Material provided:
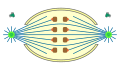 semiopen orthomitosis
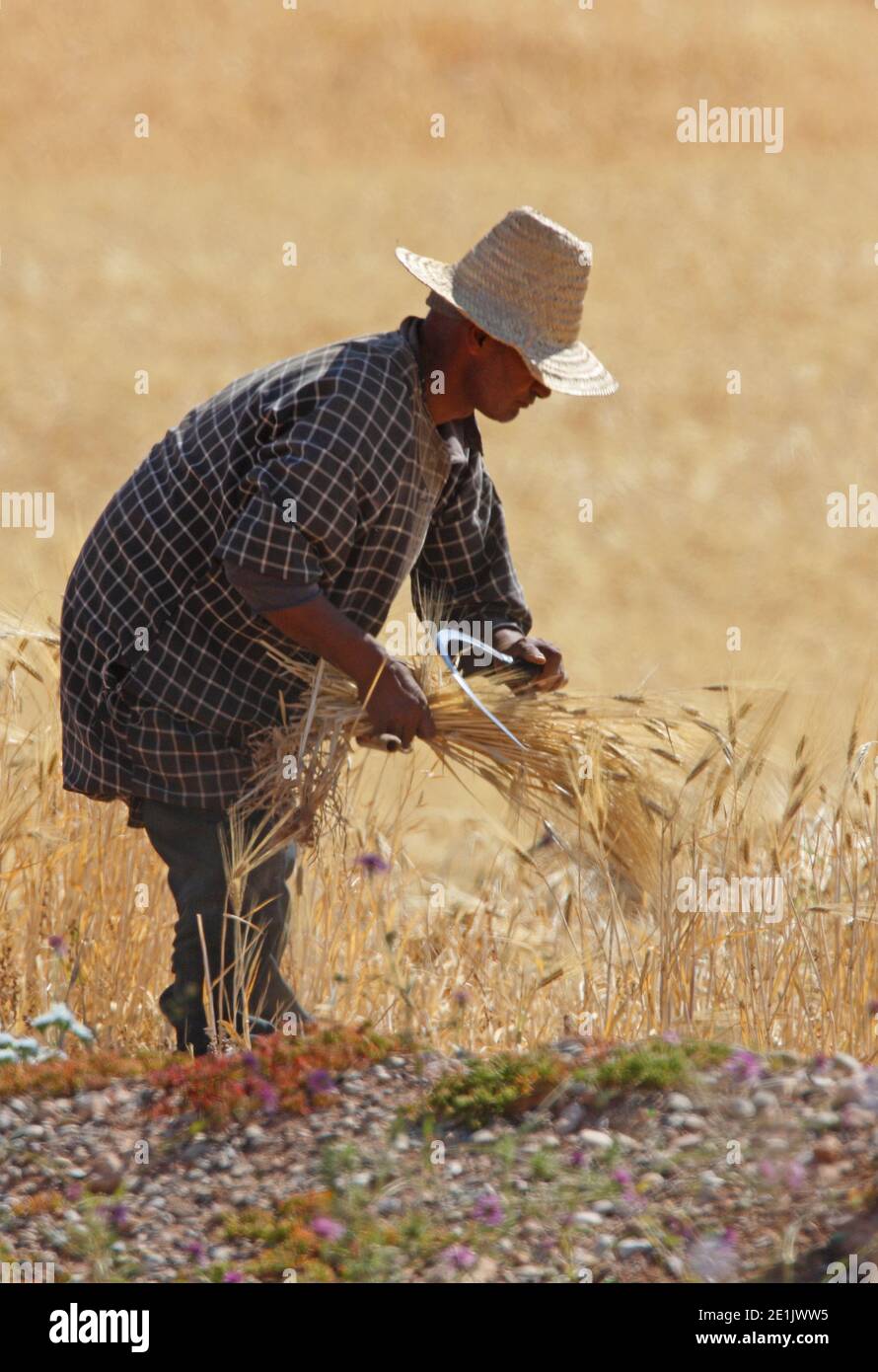 peasant harvesting barley by hand Morocco May Stock Photo Alamy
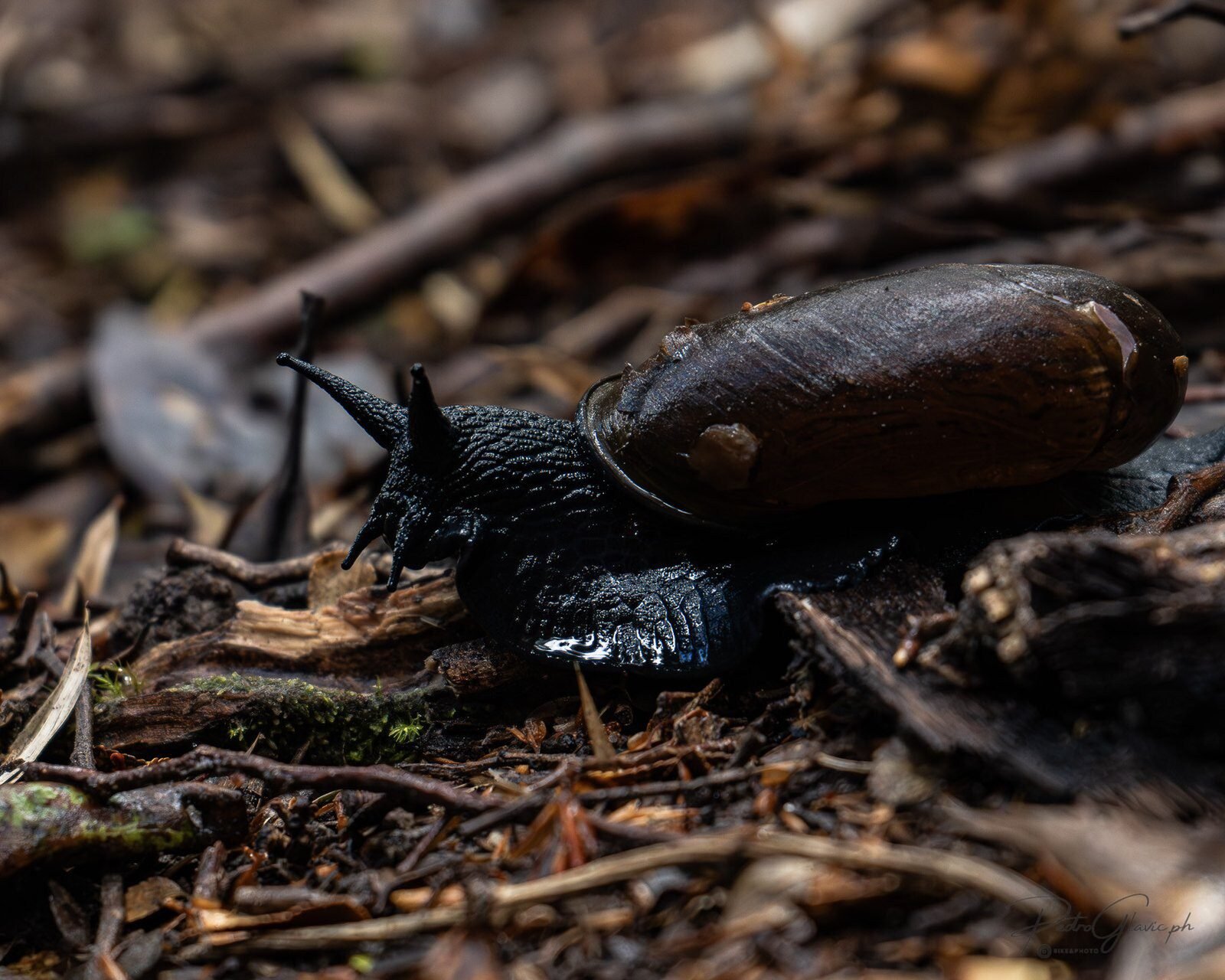 Pequeño anfibio entre la hojarasca del bosque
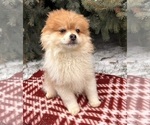 Small #1 Pomeranian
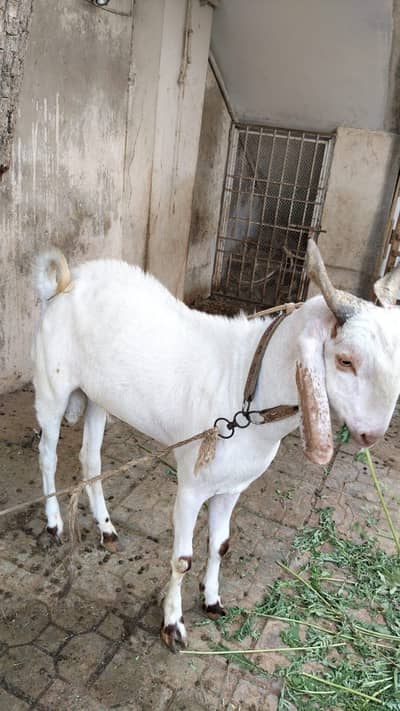 Goats for qurbani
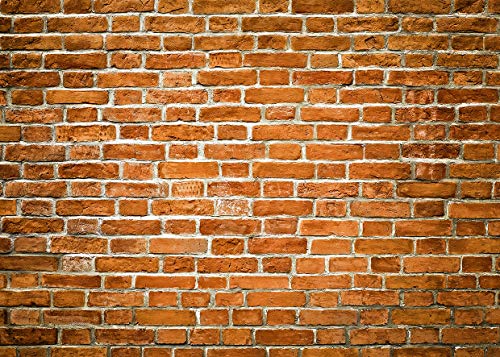 SJOLOON Backdrops for Photoshoot Red Brick Wall Backdrop Birthday Party Decoration Banner Studio Props Brick Backdrop for Photography 11872 (7x5FT)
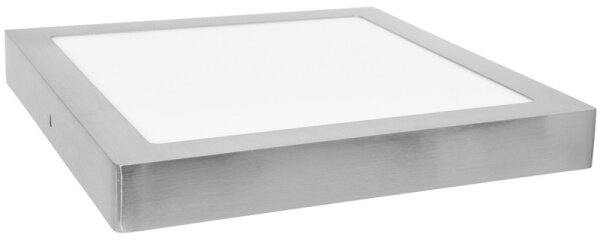 Plafonieră LED RAFA LED/12W/230V 4100K
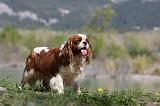 CAVALIER KING CHARLES 669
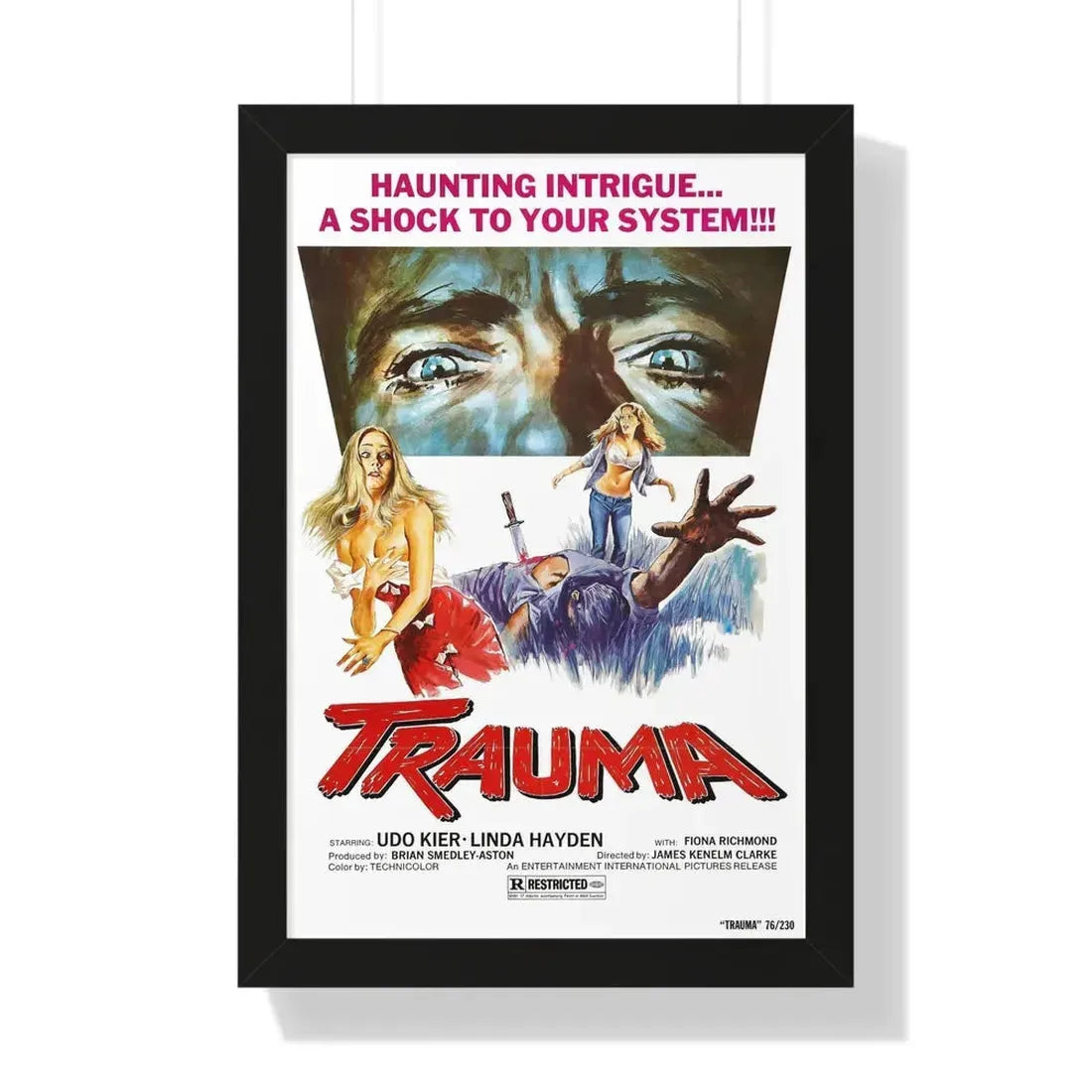 TRAUMA (HOUSE ON STRAW HILL) 1976 - Framed Movie Poster 16″ x 24″ Black - The Sticker Space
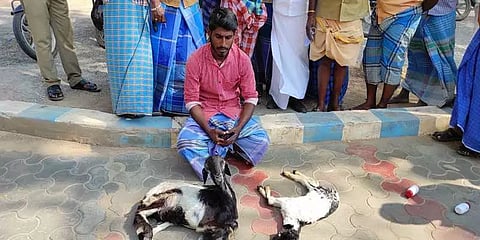 துடிதுடித்த ஆடுகளுடன் ஆட்சியர் அலுவலகத்திற்கு வந்த இளைஞர்: பின்னணியில் மோசடி சம்பவம்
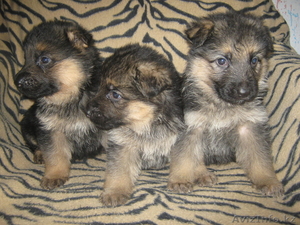 7272908331 Светлана #134983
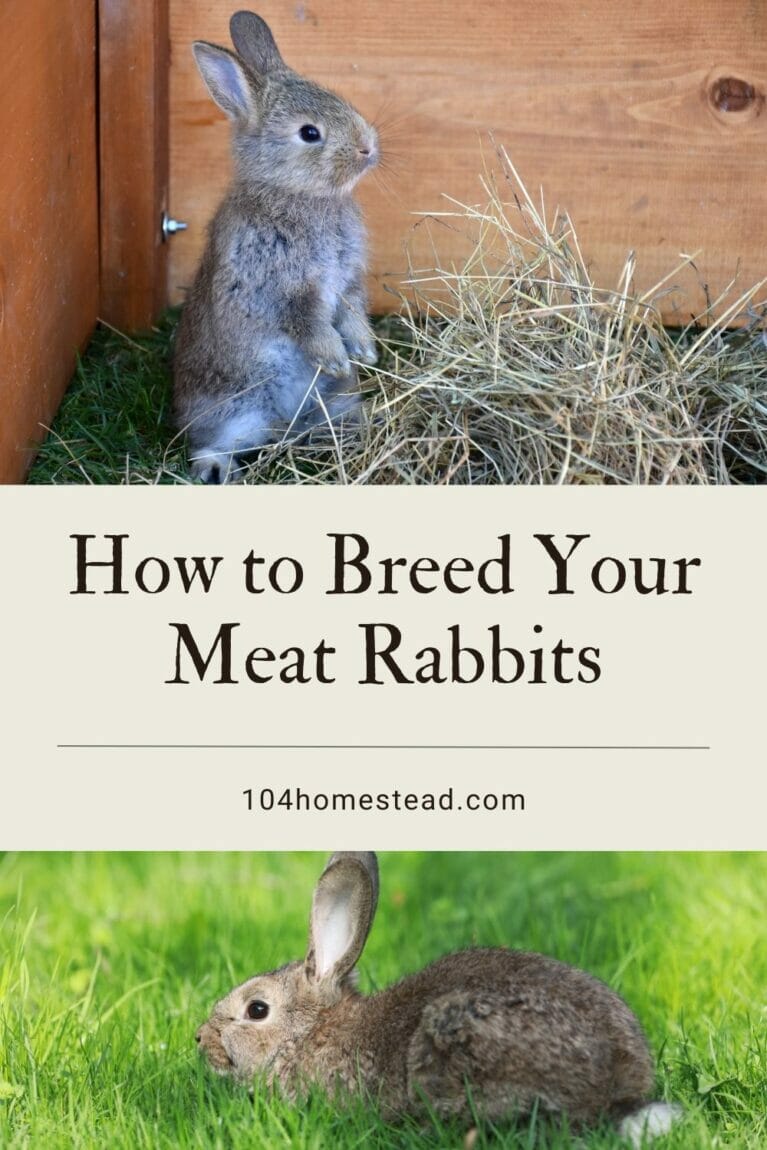 A pinterest-friendly graphic promoting raising meat rabbits and how to breed them.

What this task involves:
No picture belongs in the answer, but every word of the records above does, exactly as given.

Written response:
 semiopen orthomitosis
 peasant harvesting barley by hand Morocco May Stock Photo Alamy
 Pequeño anfibio entre la hojarasca del bosque
 Small #1 Pomeranian
 Goats for qurbani
 SJOLOON Backdrops for Photoshoot Red Brick Wall Backdrop Birthday Party Decoration Banner Studio Props Brick Backdrop for Photography 11872 (7x5FT)
 Plafonieră LED RAFA LED/12W/230V 4100K
 CAVALIER KING CHARLES 669
 TRAUMA (HOUSE ON STRAW HILL) 1976 - Framed Movie Poster 16″ x 24″ Black - The Sticker Space
 துடிதுடித்த ஆடுகளுடன் ஆட்சியர் அலுவலகத்திற்கு வந்த இளைஞர்: பின்னணியில் மோசடி சம்பவம்
 7272908331 Светлана #134983
 A pinterest-friendly graphic promoting raising meat rabbits and how to breed them.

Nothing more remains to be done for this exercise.